WHAT IS BEING ASKED:
Please write out the entire listing below exactly, excluding its pictures.

THE DATA:
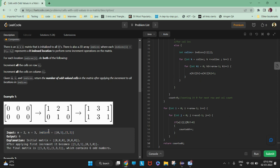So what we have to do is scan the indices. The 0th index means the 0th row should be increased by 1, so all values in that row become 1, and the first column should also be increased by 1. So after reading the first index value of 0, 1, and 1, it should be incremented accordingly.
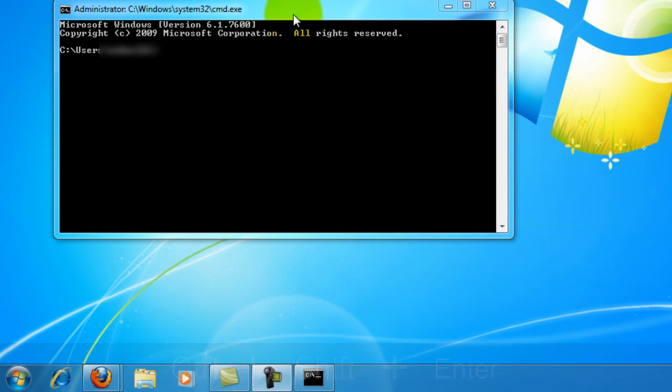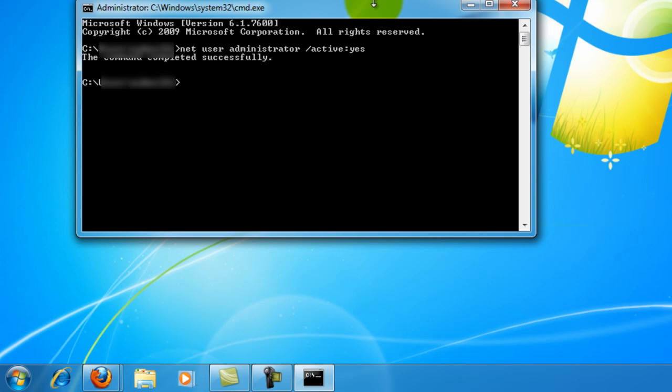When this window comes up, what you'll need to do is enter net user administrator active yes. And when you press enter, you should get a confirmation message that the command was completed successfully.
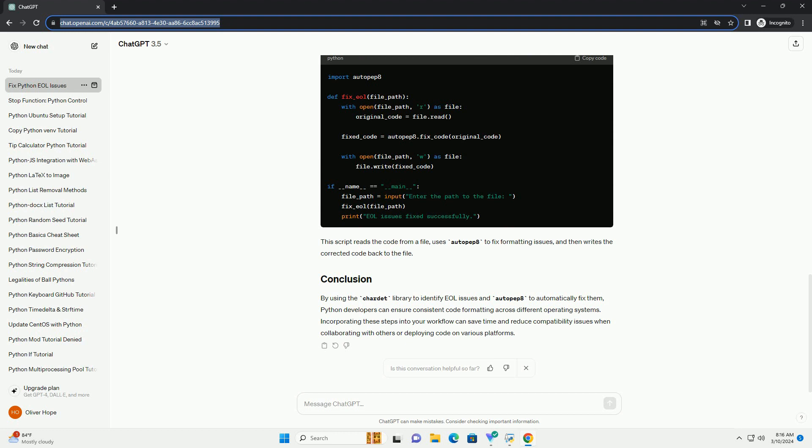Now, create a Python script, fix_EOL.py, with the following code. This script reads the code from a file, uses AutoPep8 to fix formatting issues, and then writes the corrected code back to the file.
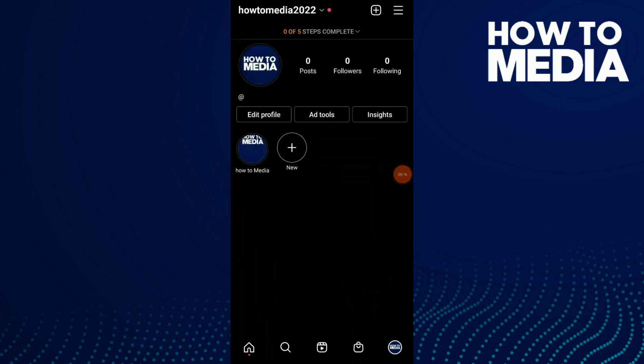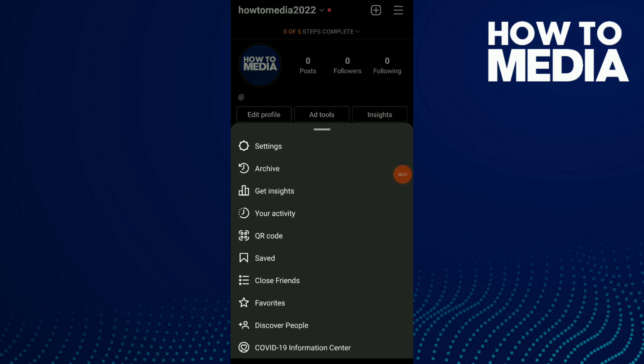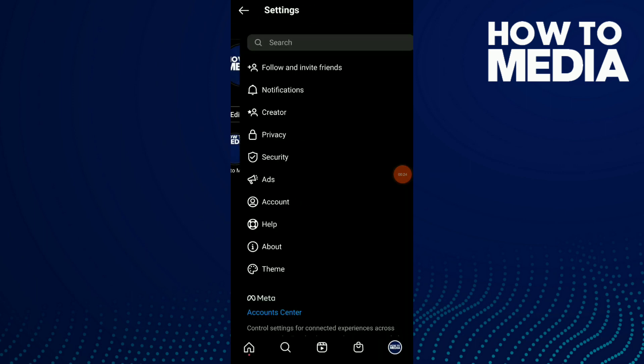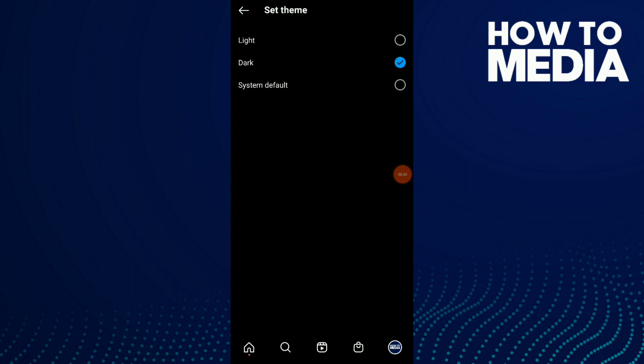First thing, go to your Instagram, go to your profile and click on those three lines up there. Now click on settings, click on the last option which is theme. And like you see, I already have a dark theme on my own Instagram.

SOLUTION FOR THIS EXERCISE:
So what we have to do is scan the indices. The 0th index means the 0th row should be increased by 1, so all values in that row become 1, and the first column should also be increased by 1. So after reading the first index value of 0, 1, and 1, it should be incremented accordingly.
When this window comes up, what you'll need to do is enter net user administrator active yes. And when you press enter, you should get a confirmation message that the command was completed successfully.
Now, create a Python script, fix_EOL.py, with the following code. This script reads the code from a file, uses AutoPep8 to fix formatting issues, and then writes the corrected code back to the file.
First thing, go to your Instagram, go to your profile and click on those three lines up there. Now click on settings, click on the last option which is theme. And like you see, I already have a dark theme on my own Instagram.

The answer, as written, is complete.